Active O,Npy,N-titanium(IV) fluoride precatalysts for ethylene polymerization: exploring "fluoride effects" on polymer properties and catalytic performance

Three examples of discrete six-coordinate O,Npy,N-bearing titanium(IV) trifluoride complexes, [{2-(C5H4N)-6-(CMe2O)C5H3N}TiF3] (1), [{2-(C6H4-2′-O),6-(CMe═N(2,6-i-Pr2C6H3))C5H3N}TiF3] (2a), and [{2-(3-C12H8-2-O)-6-(CMe═N(2,6-i-Pr2C6H3))C5H3N}TiF3] (3a), were prepared using a one-step HF elimination protocol from cis-[(THF)2TiF4] and the corresponding pincer ligand precursor (HL1, HL2H, and HL2Ph). A mer configuration of the three fluoride ligands is adopted in their solid-state structures, which is mirrored in solution, as shown by mutual two-bond F–F coupling in their 19F{1H} NMR spectra.

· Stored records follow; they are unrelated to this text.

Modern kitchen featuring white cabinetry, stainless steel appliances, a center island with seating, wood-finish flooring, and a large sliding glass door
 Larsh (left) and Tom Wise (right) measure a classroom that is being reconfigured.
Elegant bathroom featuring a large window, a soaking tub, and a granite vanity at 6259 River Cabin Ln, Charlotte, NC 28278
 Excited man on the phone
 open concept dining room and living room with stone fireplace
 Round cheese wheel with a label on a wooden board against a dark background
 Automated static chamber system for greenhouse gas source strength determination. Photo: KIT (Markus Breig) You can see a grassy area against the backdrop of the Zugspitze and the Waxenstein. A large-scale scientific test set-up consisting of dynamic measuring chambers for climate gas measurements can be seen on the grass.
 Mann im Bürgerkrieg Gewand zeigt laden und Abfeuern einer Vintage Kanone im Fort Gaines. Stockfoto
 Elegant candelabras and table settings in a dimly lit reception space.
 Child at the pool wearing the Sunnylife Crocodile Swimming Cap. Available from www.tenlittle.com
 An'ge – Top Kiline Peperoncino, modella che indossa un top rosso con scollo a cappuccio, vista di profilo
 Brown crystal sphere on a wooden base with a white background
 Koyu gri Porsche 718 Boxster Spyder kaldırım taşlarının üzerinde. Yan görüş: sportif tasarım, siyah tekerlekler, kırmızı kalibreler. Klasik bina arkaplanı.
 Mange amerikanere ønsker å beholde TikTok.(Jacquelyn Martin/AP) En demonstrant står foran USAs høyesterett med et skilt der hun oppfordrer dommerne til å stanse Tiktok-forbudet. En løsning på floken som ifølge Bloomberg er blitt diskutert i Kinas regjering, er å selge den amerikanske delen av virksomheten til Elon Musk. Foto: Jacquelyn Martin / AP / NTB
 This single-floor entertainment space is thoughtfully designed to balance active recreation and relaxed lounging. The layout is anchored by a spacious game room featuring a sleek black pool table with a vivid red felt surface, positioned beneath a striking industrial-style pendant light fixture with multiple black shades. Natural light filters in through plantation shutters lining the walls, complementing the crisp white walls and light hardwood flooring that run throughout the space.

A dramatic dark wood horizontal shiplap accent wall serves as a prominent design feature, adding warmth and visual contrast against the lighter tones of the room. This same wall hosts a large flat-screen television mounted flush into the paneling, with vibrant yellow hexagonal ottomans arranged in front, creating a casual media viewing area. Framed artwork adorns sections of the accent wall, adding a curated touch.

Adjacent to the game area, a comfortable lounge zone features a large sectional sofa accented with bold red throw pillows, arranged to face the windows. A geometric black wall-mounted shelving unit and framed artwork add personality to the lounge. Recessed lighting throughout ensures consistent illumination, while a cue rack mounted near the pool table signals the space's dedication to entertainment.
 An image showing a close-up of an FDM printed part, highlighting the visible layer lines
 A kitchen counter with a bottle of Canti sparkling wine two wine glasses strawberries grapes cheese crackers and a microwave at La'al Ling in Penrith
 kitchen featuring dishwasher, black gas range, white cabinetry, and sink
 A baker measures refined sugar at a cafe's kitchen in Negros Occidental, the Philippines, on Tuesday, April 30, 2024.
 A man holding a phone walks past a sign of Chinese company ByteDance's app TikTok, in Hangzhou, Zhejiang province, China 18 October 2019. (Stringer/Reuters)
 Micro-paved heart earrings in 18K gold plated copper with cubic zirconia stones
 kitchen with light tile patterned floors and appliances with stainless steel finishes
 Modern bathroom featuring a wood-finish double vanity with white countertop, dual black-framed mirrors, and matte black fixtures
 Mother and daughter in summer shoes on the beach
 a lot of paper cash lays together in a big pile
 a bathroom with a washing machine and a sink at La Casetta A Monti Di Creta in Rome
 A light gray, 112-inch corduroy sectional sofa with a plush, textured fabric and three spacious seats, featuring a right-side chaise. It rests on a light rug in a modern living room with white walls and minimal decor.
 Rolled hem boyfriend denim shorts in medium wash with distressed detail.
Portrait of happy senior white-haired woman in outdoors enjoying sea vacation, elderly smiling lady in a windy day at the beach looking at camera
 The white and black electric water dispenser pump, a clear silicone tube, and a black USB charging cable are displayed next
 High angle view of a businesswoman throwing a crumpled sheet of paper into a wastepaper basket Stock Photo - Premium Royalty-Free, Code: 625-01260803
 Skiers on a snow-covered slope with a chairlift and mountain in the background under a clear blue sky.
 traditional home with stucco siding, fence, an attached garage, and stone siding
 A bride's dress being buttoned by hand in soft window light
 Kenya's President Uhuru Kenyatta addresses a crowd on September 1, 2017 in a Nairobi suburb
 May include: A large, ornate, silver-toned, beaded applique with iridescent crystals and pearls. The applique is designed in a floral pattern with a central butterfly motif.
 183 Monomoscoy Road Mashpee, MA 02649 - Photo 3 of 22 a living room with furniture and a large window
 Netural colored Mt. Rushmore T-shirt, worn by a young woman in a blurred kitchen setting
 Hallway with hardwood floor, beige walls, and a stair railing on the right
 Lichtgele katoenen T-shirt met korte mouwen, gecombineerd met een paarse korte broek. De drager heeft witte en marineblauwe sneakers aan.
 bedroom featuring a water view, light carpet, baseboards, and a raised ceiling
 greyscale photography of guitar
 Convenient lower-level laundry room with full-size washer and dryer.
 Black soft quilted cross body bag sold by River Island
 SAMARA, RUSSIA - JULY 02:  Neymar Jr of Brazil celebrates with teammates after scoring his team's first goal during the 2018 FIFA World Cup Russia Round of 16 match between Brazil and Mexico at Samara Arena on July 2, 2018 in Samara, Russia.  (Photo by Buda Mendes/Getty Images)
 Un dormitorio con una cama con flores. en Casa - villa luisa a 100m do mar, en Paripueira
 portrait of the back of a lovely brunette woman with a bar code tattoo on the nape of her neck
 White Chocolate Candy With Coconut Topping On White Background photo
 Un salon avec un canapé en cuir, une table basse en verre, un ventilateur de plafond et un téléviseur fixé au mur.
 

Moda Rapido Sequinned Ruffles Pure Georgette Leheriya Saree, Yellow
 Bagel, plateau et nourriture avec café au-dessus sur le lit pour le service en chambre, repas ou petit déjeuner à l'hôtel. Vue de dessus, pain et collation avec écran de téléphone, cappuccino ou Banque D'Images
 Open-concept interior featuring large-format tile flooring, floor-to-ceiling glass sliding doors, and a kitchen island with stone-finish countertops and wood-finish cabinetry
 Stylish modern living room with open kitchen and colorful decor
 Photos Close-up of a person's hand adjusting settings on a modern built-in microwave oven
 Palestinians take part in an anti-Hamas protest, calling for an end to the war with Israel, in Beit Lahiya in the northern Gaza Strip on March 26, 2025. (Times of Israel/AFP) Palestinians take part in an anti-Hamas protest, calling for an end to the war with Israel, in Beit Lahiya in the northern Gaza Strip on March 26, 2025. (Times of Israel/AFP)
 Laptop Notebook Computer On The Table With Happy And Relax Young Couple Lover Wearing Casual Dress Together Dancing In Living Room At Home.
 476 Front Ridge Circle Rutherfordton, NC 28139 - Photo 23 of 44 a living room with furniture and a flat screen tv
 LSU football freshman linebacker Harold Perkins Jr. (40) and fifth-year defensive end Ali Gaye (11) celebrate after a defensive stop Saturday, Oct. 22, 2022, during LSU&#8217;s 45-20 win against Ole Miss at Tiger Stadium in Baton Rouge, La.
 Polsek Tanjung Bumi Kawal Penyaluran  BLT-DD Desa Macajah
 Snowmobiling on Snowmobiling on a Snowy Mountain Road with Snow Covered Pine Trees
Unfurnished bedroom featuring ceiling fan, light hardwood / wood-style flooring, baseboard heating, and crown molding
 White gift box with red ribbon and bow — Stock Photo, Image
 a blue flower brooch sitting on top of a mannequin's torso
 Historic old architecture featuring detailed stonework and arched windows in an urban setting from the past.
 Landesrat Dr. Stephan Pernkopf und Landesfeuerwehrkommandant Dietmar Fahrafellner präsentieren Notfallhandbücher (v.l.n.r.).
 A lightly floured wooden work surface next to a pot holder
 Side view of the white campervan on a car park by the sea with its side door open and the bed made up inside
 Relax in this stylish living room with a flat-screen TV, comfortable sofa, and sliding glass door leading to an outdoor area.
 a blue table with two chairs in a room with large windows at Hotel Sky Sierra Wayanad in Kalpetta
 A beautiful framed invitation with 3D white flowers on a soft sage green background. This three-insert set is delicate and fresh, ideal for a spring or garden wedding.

For purposes of comparison, the chloride counterparts of 2a and 3a, [{2-(C6H4-2′-O),6-(CMe═N(2,6-i-Pr2C6H3)C5H3N}TiCl3] (2b) and [{2-(3-C12H8-2-O)-6-(CMe═N(2,6-i-Pr2C6H3))C5H3N}TiCl3] (3b), are also reported. On treatment with excess MAO, 1 is scarcely active in ethylene polymerization, 2a is more active, and the most sterically protected system, 3a, represents the most active nonmetallocene metal-fluoride precatalyst r...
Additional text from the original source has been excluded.